C’est par ce grand effort d’analyse et de critique que la philosophie du xviiie siècle complète et couronne son œuvre toute d’analyse. Une philosophie qui débute par l’essai sur l’entendement humain, et finit par la Critique de la raison pure n’a pas de supérieure, dans l’histoire de la pensée moderne, même pour qui songe à Descartes, à Malebranche, à Spinosa et à Leibniz. Paupertina philosophia est un mot dur, même exclusivement appliqué à une école qui a produit Condillac, Charles Bonnet, Cabanis, Destutt Tracy et Dumarsay ; mais jamais Leibniz n’eût pensé à qualifier ainsi l’ensemble de la philosophie du xviiie siècle.
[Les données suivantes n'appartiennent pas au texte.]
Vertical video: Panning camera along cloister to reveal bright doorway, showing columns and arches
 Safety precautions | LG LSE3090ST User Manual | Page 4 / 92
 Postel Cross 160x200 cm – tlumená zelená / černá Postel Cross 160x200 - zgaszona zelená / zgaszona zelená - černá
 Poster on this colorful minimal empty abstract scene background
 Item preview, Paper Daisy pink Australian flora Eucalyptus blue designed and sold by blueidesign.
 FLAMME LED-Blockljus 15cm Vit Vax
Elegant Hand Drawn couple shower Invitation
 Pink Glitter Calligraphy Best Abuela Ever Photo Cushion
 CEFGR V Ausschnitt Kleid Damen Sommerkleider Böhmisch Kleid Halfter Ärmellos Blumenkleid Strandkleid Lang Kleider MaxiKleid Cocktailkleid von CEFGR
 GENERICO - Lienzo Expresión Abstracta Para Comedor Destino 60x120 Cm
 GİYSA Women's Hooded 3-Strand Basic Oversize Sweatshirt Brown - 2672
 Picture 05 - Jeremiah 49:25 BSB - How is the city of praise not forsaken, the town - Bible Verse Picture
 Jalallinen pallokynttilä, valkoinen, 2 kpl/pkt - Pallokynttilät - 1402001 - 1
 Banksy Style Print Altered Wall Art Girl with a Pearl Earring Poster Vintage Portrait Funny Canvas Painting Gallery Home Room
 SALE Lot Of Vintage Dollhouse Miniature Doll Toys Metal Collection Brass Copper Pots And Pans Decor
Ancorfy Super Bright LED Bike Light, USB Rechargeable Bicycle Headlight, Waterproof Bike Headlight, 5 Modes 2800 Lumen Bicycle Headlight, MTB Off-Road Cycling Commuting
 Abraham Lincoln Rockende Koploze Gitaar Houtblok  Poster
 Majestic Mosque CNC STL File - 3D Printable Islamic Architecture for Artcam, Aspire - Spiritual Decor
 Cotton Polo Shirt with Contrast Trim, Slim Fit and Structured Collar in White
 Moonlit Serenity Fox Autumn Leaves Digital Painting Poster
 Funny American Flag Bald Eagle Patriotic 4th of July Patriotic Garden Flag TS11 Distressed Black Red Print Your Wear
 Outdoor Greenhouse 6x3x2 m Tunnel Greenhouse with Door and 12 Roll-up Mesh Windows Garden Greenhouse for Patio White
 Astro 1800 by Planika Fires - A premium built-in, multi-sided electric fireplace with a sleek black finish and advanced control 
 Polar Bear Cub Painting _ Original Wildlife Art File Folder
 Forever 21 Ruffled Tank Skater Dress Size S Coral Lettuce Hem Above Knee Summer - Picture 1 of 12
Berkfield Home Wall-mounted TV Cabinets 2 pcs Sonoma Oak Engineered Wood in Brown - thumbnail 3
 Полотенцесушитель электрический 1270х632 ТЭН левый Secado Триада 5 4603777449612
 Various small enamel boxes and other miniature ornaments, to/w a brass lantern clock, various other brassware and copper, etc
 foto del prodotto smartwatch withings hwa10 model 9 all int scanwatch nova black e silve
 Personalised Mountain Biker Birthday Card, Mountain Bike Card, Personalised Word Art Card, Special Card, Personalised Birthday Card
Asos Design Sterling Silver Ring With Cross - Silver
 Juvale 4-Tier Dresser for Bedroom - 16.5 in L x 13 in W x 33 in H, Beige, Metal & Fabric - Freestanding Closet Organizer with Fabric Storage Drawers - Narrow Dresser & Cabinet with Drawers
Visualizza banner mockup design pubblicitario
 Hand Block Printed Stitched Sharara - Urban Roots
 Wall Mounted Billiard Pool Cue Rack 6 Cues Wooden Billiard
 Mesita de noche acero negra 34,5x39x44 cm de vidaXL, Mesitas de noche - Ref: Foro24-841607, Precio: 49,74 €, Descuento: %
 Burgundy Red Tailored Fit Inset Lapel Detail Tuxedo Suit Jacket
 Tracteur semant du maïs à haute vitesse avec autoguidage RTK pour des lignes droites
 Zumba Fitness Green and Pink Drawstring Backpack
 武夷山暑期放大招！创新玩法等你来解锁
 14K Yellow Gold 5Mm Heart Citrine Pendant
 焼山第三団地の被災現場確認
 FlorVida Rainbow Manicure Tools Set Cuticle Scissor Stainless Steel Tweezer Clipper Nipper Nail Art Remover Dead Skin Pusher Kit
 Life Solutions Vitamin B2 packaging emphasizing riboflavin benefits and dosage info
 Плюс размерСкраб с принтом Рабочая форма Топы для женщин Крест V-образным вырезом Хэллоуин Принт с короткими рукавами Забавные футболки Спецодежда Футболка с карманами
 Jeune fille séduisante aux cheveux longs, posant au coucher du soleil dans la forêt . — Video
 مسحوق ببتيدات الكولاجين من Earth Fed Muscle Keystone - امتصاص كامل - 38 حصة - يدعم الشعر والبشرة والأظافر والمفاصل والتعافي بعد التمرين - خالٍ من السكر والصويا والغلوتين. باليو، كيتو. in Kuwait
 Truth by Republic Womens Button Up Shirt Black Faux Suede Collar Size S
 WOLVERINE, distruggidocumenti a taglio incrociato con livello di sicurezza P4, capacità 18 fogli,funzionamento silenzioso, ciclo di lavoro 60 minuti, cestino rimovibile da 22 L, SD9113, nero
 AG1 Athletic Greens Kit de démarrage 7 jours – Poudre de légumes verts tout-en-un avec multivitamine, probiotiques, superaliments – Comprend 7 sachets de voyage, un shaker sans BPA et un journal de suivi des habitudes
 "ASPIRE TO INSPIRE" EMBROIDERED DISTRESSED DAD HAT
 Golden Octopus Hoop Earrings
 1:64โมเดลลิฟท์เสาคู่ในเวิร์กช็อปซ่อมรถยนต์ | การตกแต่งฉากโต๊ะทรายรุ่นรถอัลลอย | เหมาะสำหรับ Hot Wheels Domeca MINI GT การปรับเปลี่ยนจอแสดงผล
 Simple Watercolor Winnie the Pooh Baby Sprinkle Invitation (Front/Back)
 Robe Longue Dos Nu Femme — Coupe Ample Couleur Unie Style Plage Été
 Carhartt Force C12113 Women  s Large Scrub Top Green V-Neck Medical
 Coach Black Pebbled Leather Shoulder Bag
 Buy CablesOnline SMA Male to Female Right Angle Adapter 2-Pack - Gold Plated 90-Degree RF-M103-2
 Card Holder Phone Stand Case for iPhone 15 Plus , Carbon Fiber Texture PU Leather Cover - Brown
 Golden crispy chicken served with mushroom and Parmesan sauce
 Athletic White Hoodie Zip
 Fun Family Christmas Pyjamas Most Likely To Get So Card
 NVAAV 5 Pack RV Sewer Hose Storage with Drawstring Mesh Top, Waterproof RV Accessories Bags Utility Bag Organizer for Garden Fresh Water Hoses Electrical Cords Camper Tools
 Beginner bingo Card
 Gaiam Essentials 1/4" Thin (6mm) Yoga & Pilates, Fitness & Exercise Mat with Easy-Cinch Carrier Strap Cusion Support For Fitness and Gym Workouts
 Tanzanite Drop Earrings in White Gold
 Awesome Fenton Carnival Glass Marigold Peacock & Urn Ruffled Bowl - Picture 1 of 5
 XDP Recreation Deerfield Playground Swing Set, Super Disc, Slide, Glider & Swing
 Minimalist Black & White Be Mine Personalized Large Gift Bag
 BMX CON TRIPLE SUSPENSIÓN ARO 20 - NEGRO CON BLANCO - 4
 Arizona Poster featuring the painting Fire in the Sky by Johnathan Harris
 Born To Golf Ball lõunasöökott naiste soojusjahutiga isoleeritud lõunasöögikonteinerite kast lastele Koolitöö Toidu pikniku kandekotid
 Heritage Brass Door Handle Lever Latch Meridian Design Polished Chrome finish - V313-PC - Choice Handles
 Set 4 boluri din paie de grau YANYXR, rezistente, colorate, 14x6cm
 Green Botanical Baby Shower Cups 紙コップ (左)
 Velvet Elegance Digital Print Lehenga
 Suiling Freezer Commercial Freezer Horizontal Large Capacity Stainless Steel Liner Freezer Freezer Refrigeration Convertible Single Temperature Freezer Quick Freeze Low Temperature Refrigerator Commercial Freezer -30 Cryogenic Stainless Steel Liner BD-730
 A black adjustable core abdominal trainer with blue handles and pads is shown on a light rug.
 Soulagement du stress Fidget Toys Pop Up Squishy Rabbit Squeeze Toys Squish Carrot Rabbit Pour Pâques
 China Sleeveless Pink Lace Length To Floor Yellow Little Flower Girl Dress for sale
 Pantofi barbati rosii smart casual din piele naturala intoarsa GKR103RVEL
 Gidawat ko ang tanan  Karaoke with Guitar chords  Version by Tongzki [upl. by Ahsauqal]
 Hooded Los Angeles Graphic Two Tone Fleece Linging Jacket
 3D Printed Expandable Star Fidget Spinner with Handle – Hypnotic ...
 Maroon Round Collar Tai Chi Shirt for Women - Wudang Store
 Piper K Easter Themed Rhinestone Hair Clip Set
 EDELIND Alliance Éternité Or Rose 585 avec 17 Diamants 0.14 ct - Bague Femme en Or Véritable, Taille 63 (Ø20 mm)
Le siècle de l’analyse, au lieu d’appliquer ses facultés à la philosophie spéculative, et d’en faire jaillir ces imposantes créations, ces puissantes constructions a priori qui recommandent à l’admiration les noms de Descartes, de Malebranche, de Spinosa, de Leibniz, les fixa sur des objets d’observation et d’analyse, et en fit sortir les études les plus étendues, les plus fortes, les plus solides, les plus lumineuses sur l’esprit humain qui aient paru jusque là. Sans doute le siècle n’a pas dit, avec Kant, le dernier mot de l’analyse et de la critique ; mais il a ouvert à la philosophie une voie qu’elle ne quittera plus, ou du moins qu’elle ne pourra plus abandonner sans retomber dans le doute et la contradiction. On pourra compléter l’analyse de Locke ; on pourra simplifier l’analyse de Kant et ramener sa critique trop idéaliste dans les limites nécessaires de la science positive : on ne reprendra plus la méthode spéculative, du moins telle que la philosophie du siècle précédent l’avait entendue et pratiquée.

É. Vacherot,
De l’Institut.
  1. Introduction à la Critique de la raison pure.